最近また万年筆で書くようになって、イタリック書体の練習も兼ねてエッセイなりジャーナルなり書いてみようと思い立った。ところが何を書いて良いのかさっぱりわからない。

そう言えば、とン十年前から書き溜めた仕事ノートを引っ張り出してきて、最初の方のやつを見るとびっくり。字がキレイだった。

確かに自分の字だけどこんなにきれいに丁寧に書いてたのか。文章力も筆記力も今はすっかり退化してるよね。

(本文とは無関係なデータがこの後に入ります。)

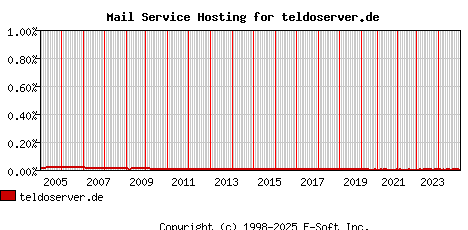 teldoserver.de MX Hosting Market Share Graph
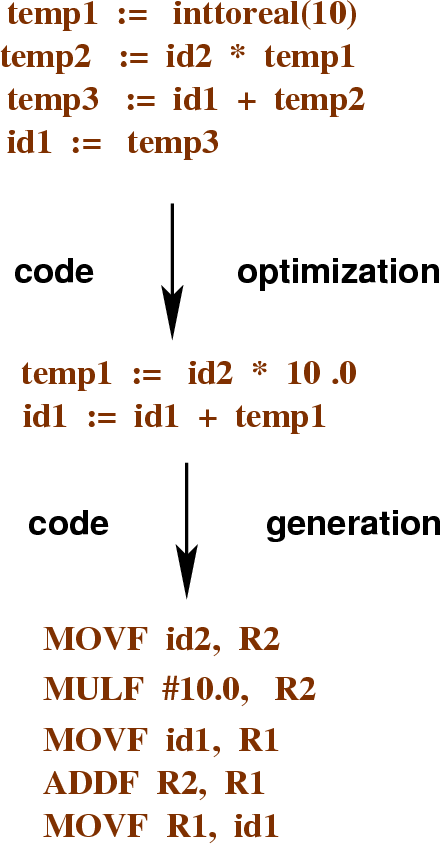 \begin{figure}%%
\htmlimage
\centering\includegraphics[scale=.4]{IRToTarget.eps}
\end{figure}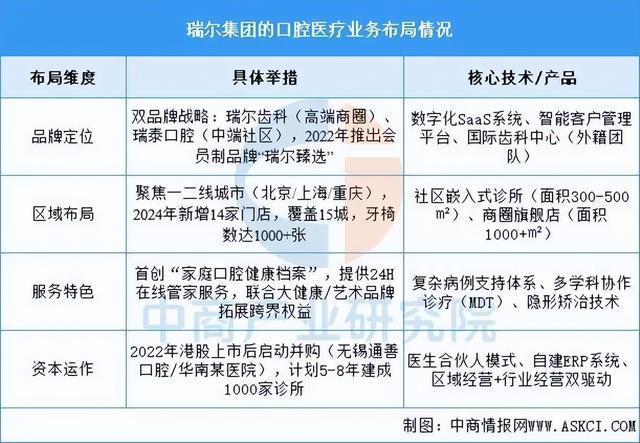 2025年中国口腔医疗行业市场前景预测研究报告(图9)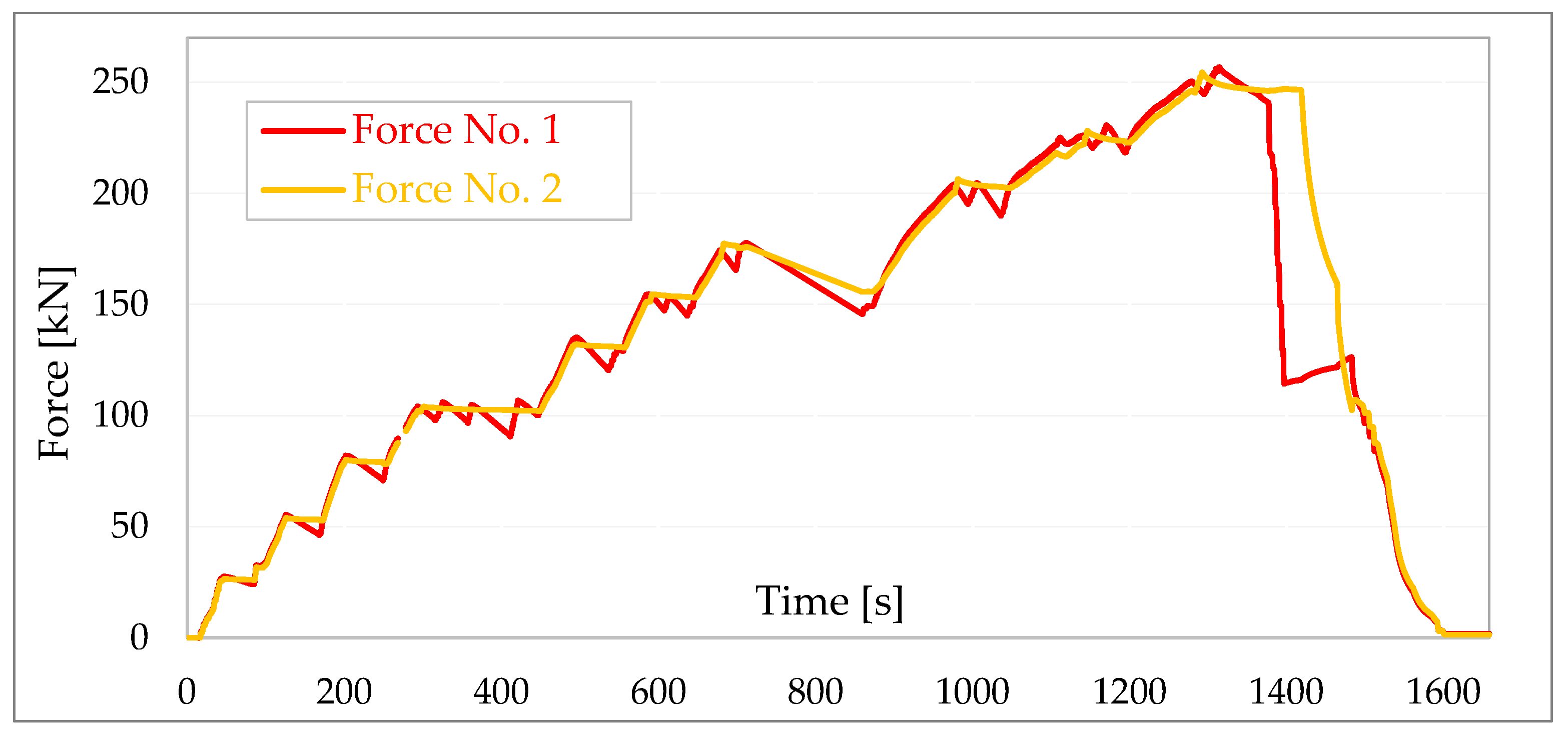 Materials 16 06229 g014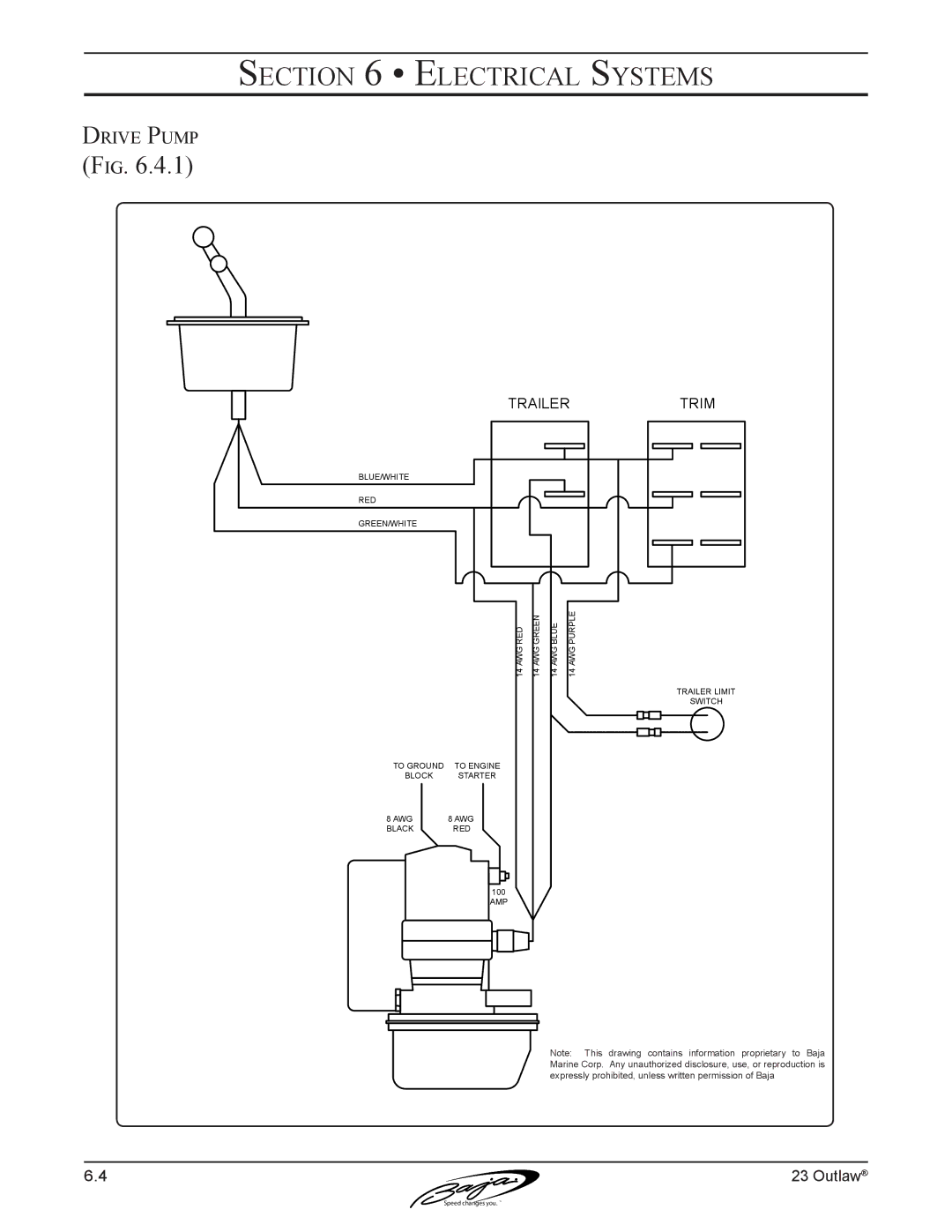 Baja Marine 23 manual Drive Pump 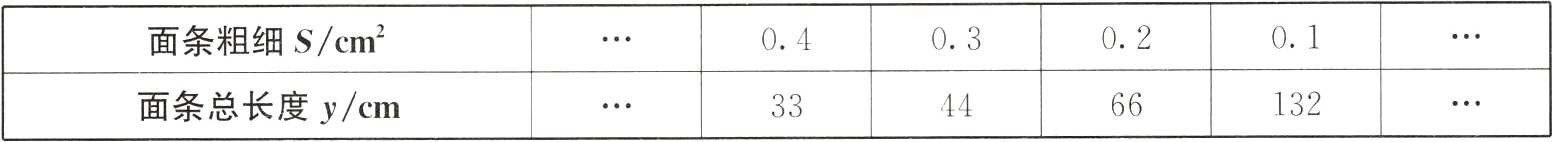 132面条总长度y/cm664433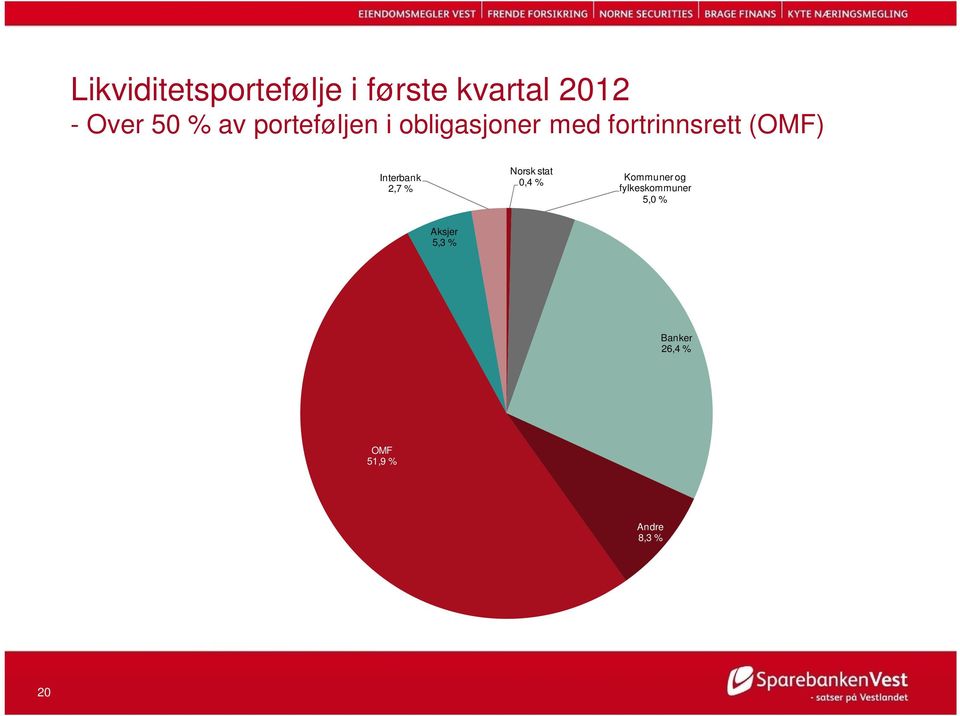 Interbank 2,7 % Norsk stat 0,4 % Kommuner og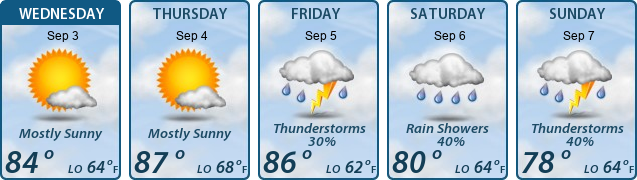 5-Day Forecast
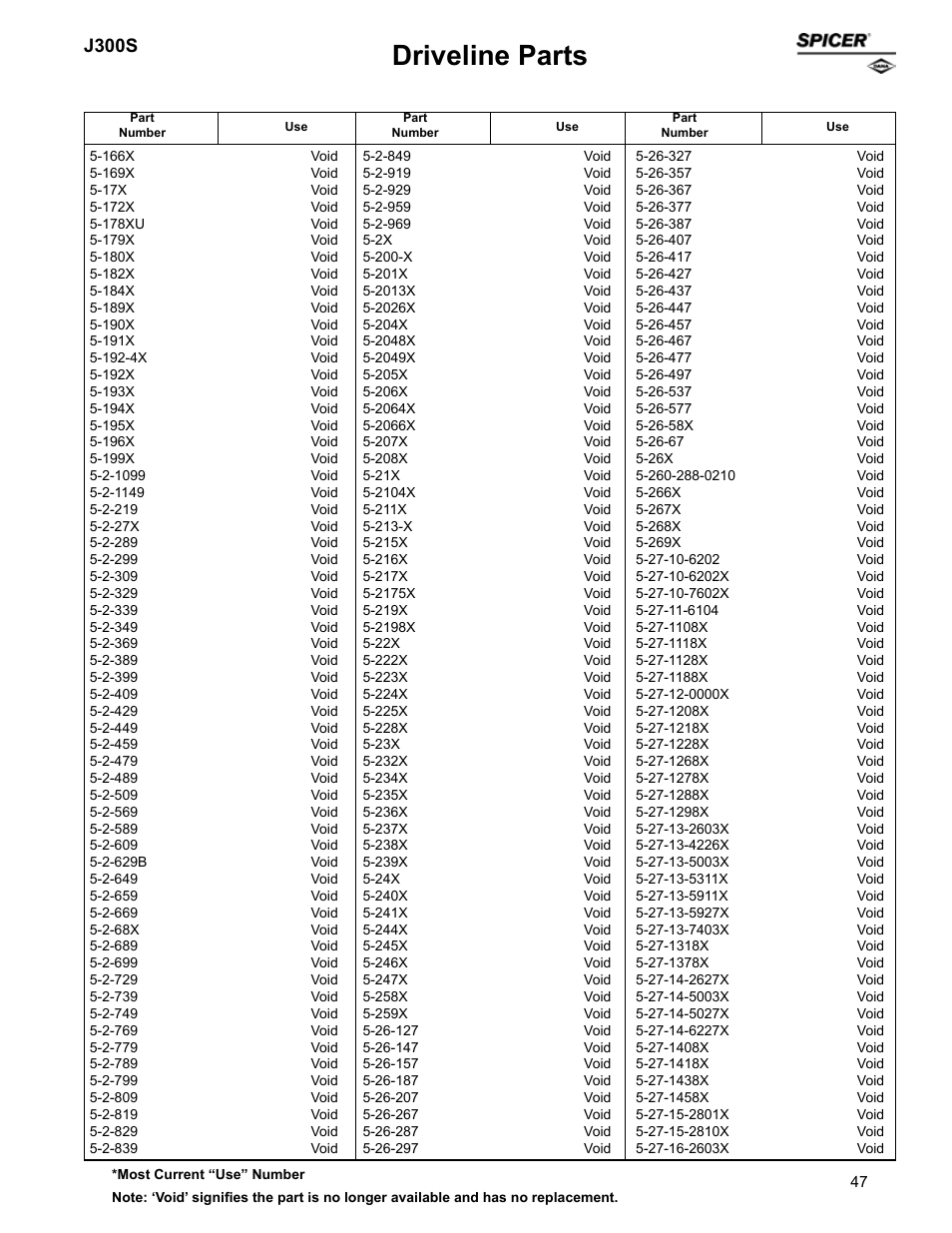 Driveline parts, J300s | Spicer Supersession List: Driveline Parts User Manual | Page 47 / 211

ノートを年代順に辿って行くと途中で数年途切れる。PCを買ってToDoソフトとか買えばなんでもできると思ってた時代だ。ノートもいらない。全部パソコンで管理。効率良いしスペース取らないし。

ところがあの当時のデータって全く残ってない。せっせと努力してコンピューターにいれるだけいれて、後にはなんにも残らなかった。 自分が何を考えて何をしてたかとか消えてなくなってしまった。 まさに空白だ。

その後一旦ノートに戻るが、また短いギャップがある。スマートフォンを使い始めた頃だ。だがまたすぐノートに戻っていった。意識してなかったけど今はスマートフォンはリマインダーとか「消えてなくなる事」にしか使わない。

思えばパソコンも何台も買い換えて来たけど入れたデータは全く残っていない。ン十年前に細かい字で書いたノートはまだ残っているのに。テクノロジーは便利だけどフィルム写真やノートのように何かを残すのには全く向いていない。

VHS、ベータマックス、フロッピーにハードディスクも未来につながらないものだった。そんな何も残せないテクノロジーに頼らず自分のために何かを残さないと全部消えてなくなってしまう。

だからノートとかフィルム写真なのだ。